Gorman-Rupp estimates that 80 other companies selling pumps and pump units compete in one or more
of the lines of business and applications in which comparable products of the Company are utilized.
Many pumps are specifically designed and engineered for a particular customers application. The
Company believes that proper application, product performance, and quality of delivery and service
are the principal methods of competition, and attributes its success to its continued emphasis in
these areas.
PURCHASING AND PRODUCTION
Virtually all materials, supplies, components and accessories used by the Company in the
fabrication of its products, including all castings (for which most patterns are made and owned by
the Company), structural steel, bar stock, motors, solenoids, engines, seals, and plastic and
elastomeric components, are purchased by the Company from other suppliers and manufacturers. No
purchases are made under long-term contracts and the Company is not dependent upon a single source
for any materials, supplies, components or accessories which are of material importance to its
business.
The Company purchases motors for its polypropylene bellows pumps and magnetic drive pumps from
several alternative vendors, and motor components for its large submersible pumps from a limited
number of suppliers.
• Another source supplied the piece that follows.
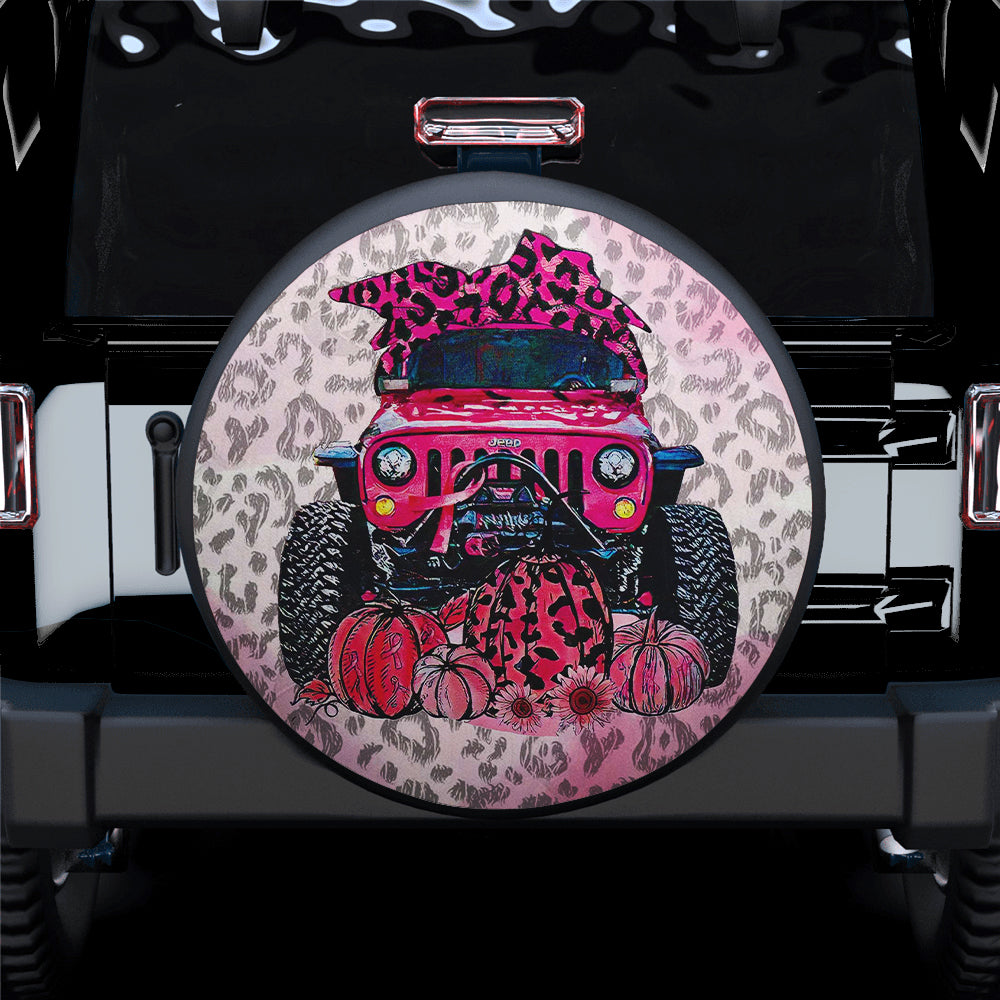 Pink Jeep In October Jeep Car Spare Tire Cover Gift For Campers Nearkii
Small motor requirements are also currently sourced from alternative
suppliers.
The other production operations of the Company consist of the machining of castings, the cutting,
shaping and welding of bar stock and structural members, the manufacture of a few minor components,
and the assembling, painting and testing of its products. Virtually all of the Companys products
are tested prior to shipment.
OTHER ASPECTS
As of December 31, 2005, the Company employed approximately 1,021 persons, of whom approximately
614 were hourly employees. The Company has no collective bargaining agreements, has never
experienced a strike and considers its labor relations to be satisfactory.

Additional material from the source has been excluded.